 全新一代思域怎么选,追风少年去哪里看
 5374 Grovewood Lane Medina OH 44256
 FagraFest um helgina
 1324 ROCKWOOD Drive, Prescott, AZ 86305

--

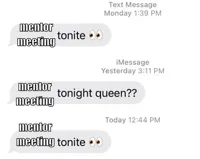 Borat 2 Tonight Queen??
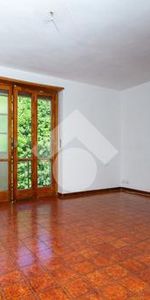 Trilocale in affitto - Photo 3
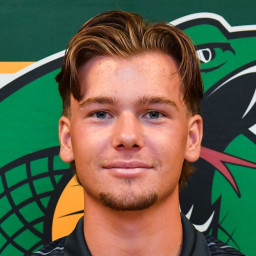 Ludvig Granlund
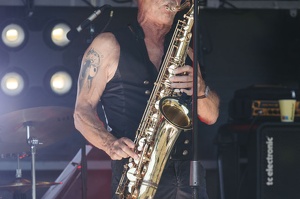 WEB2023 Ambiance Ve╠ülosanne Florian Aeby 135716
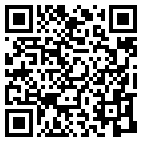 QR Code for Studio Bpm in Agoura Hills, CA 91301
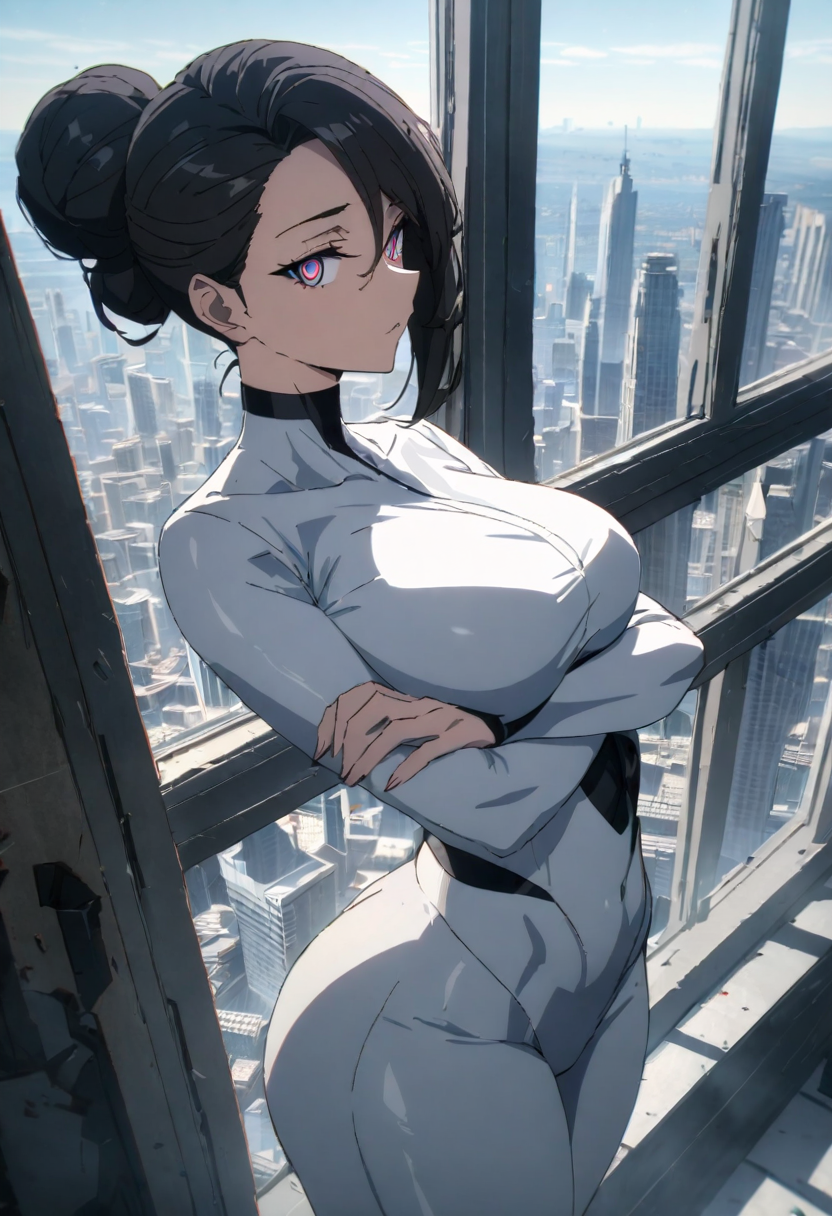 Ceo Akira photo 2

...

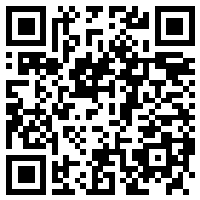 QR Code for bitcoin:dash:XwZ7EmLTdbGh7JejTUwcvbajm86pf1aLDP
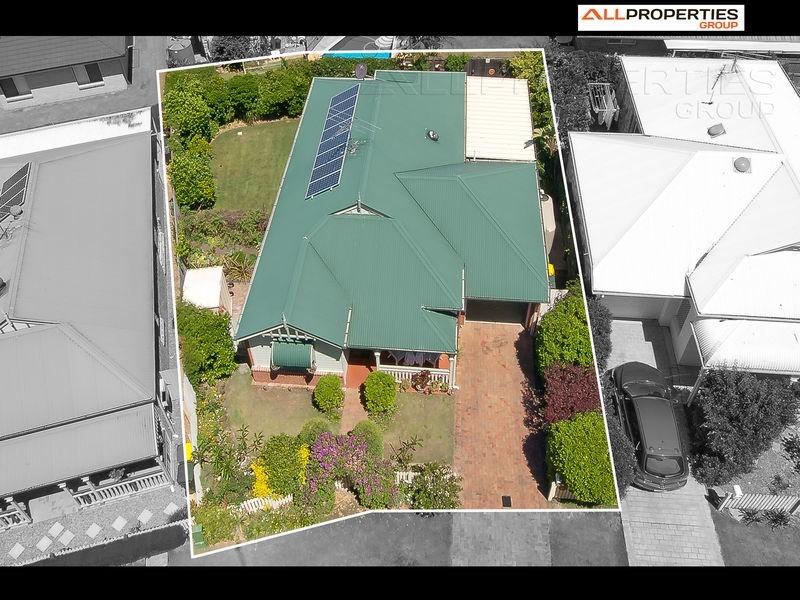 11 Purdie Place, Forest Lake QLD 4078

» What to work on
The reply should hold exactly the lines above, starting at the line with "Borat 2 Tonight Queen??" and ending at the line with "Ceo Akira photo 2", and no pictures.

» Solution below
 Borat 2 Tonight Queen??
 Trilocale in affitto - Photo 3
 Ludvig Granlund
 WEB2023 Ambiance Ve╠ülosanne Florian Aeby 135716
 QR Code for Studio Bpm in Agoura Hills, CA 91301
 Ceo Akira photo 2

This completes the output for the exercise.